Please visit www.replicel.com for additional information.

For more information, please contact:

CORPORATE/INVESTOR RELATIONS:
Lee Buckler, President & CEO
Telephone: 604-248-8693
Email: lee@replicel.com

MEDIA:
Jacqui Specogna
Telephone: 604-248-8730 / Email: js@replicel.com

Neither the TSX Venture Exchange nor its Regulation Services Provider (as that term is defined in policies of the TSX Venture Exchange) accepts responsibility for the adequacy or accuracy of this release.
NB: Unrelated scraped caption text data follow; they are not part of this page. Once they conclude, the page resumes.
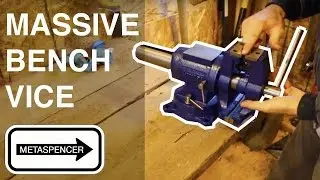 Massive Bench Vise Installation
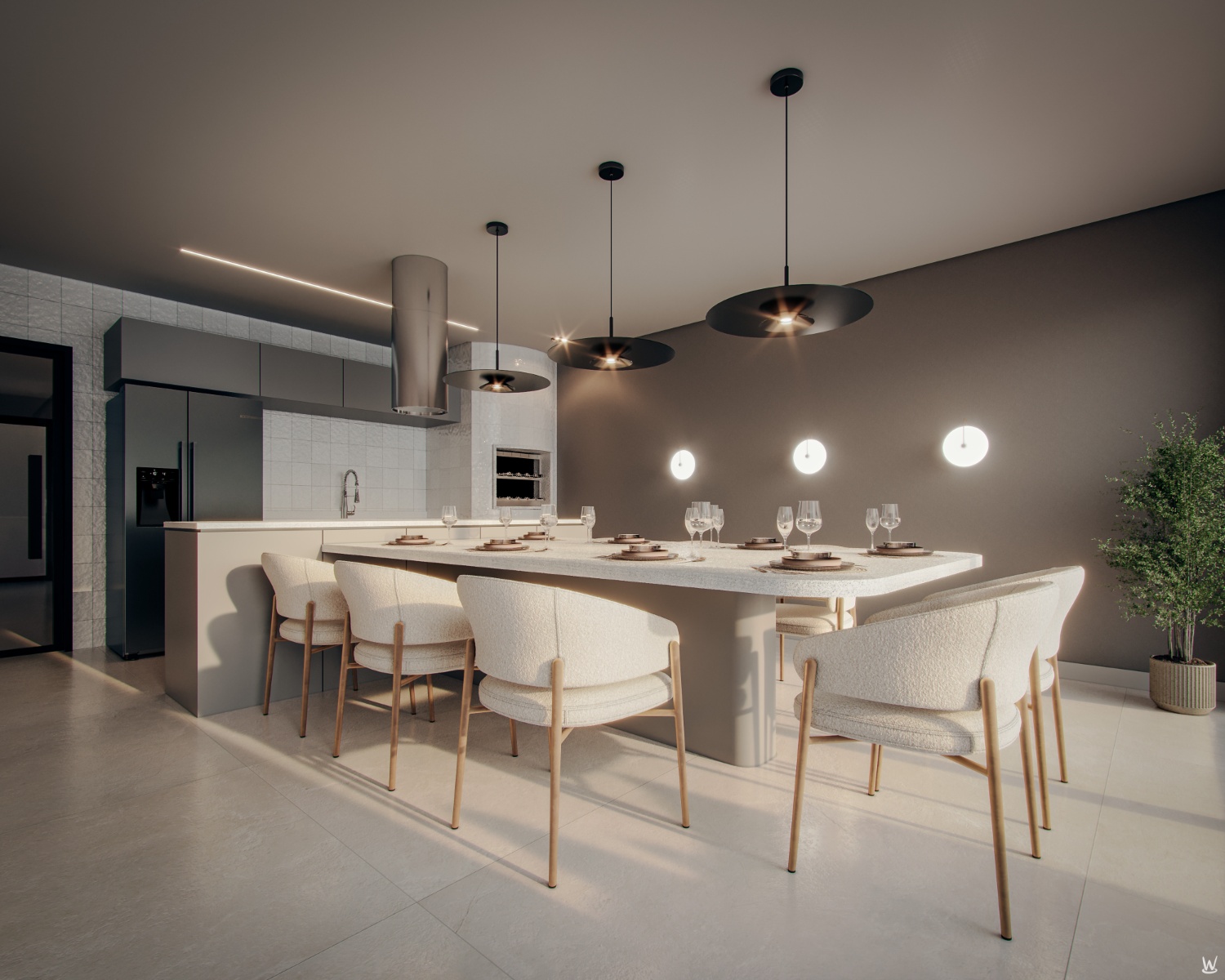 Apartamento no Edifício A. Ducati Residente em Praia Brava - foto 24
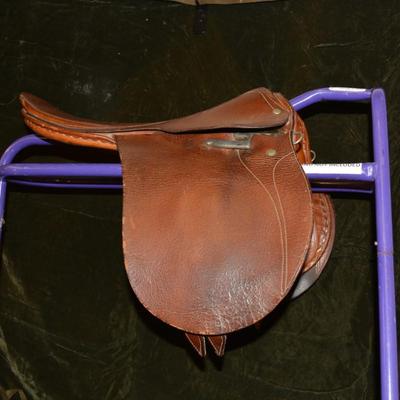 MFGK Co. English Saddle, Made in England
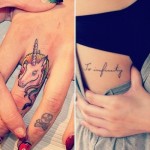 Creative Best Friend Tattoos for True Friends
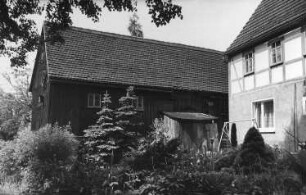 Niederschöna-Hetzdorf-Herrndorf. Nieder- oder Funkemühle, ehem. Sägemühle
This press release contains forward-looking information that involve various risks and uncertainties regarding future events. Such forward-looking information can include without limitation statements based on current expectations involving a number of risks and uncertainties and are not guarantees of future performance of RepliCel, such as statements regarding the Company’s ability to finance the Company to cultural milestones expected to lead to a licencing transaction. Such forward-looking statements and information are based on current expectations involving a number of risks and uncertainties and are not guarantees of future performance of RepliCel. There are numerous risks and uncertainties that could cause actual results and RepliCel’s plans and objectives to differ materially from those expressed in the forward-looking information, including: failure to obtain CE mark clearance or necessary regulatory approvals; delays enrolling clinical trial participants; negative results from the Company’s trials; the effects of government regulation on the Company’s business; risks associated with the Company’s ability to obtain and protect rights to its intellectual property; risks and uncertainties associated with the Company’s ability to raise additional capital; and other factors beyond the Company’s control. Actual results and future events could differ materially from those anticipated in such information. These and all subsequent written and oral forward-looking information are based on estimates and opinions of management on the dates they are made and are expressly qualified in their entirety by this notice. Except as required by law, RepliCel does not intend to update these forward-looking statements.